So that was how things were. Madge laughed inwardly. She knew Janet and Agnes of old, and it delighted her to see their plans had not run quite so smoothly as could be.

"Well, now," she said. "Well, that is a difficult thing." She sucked air in through the gap in her teeth. "It's hard enough brewing such a potion when one person is already in love. Conjuring love out of nothing..."

"Surely it's easier when both are willing," Effie pointed out.   
Madge leveled a glare at her. "Don't tell me what's easy, girl. No, this will need time, and help from you two, if it's to be done at all."

"We have until New Year's; is that enough?"
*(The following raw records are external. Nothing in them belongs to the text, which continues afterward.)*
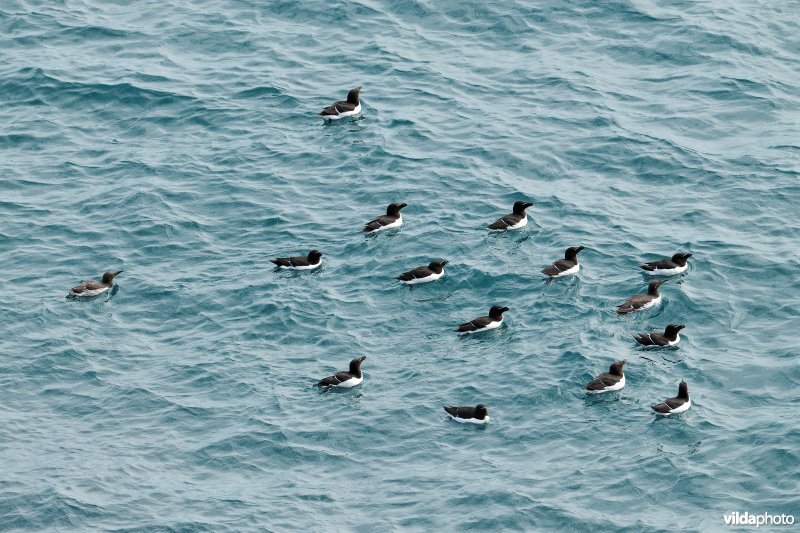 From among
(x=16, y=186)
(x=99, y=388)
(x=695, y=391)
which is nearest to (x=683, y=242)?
(x=695, y=391)

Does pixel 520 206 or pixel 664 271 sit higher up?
pixel 520 206

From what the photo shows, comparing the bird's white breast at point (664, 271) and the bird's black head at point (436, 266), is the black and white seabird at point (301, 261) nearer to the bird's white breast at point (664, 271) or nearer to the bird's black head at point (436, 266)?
the bird's black head at point (436, 266)

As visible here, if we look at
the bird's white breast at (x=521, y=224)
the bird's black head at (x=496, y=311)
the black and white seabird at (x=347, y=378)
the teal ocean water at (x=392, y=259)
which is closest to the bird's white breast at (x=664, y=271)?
the teal ocean water at (x=392, y=259)

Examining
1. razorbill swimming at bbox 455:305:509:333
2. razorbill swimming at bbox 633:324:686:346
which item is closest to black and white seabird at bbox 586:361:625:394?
razorbill swimming at bbox 633:324:686:346

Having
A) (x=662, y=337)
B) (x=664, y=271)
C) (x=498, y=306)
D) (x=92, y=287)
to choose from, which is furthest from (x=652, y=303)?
(x=92, y=287)

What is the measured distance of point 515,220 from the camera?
1663 inches

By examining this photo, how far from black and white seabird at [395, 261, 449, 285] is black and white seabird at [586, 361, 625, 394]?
6.29 meters

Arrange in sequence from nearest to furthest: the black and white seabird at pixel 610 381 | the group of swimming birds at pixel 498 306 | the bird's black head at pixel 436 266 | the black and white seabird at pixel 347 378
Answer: the group of swimming birds at pixel 498 306, the black and white seabird at pixel 610 381, the black and white seabird at pixel 347 378, the bird's black head at pixel 436 266

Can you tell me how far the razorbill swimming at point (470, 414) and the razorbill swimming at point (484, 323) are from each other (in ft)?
12.1

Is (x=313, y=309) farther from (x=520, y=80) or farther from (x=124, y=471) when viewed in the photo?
(x=520, y=80)

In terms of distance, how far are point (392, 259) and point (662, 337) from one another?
26.7 ft

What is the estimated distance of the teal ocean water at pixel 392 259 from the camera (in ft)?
105

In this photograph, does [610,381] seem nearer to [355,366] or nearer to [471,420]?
[471,420]

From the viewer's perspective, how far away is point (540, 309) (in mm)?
38875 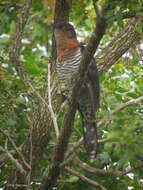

Madge knit for a moment or two, thinking."Well, I'll try it. But tell no one, mind; and you must do exactly as I say. It might cost you, too."

This time James lifted his chin, steadying his voice. "We can pay."

"Oh, you can speak too, can you? Well, we'll discuss that when we come to it. For the meantime, you must come and see me a week from Thursday, and bring me-" she jotted down a short list on a piece of foolscap- "just these few things."  
They took the list; Madge watched them go.   
"Best you come in now, Sylvie," she said to the thin air. "I've a bit of work for you to do."

 

For James, that week, like the summer that followed it, was a disconcerting mix of the familiar and the strange. Familiar, the usual round of farm duties; fishing with Rob; driving the waggon to market. Strange was his mother and Mrs. Cochrane sewing Effie's trousseau and his father taking him to choose the lumber for a new house down the farmhouse road. And laid over it all was the whole lark   
with Madge: familiar in that it seemed like the apotheosis of all their childhood pranks; strange in that this was the first time they had dabbled in magic, beyond the odd wart cure, of course. James was not naturally superstitious, but in that first week he jumped at every draft, swore his things had been moved, woke up from strange dreams with a mist still before his eyes. The scent of pine and smoke seemed to surround him.   
Effie loved it all. The parson's daughter had a natural affinity for the occult and ran the affair like a general. On the appointed Thursday eve she came to collect James for a lovers' walk; taking turns carrying her satchel, they took a long road to Madge's in the darkening woods. Once there, James brewed a pot of tea in a dubious-looking vessel, while Effie presented the requisitioned items for Madge's approval.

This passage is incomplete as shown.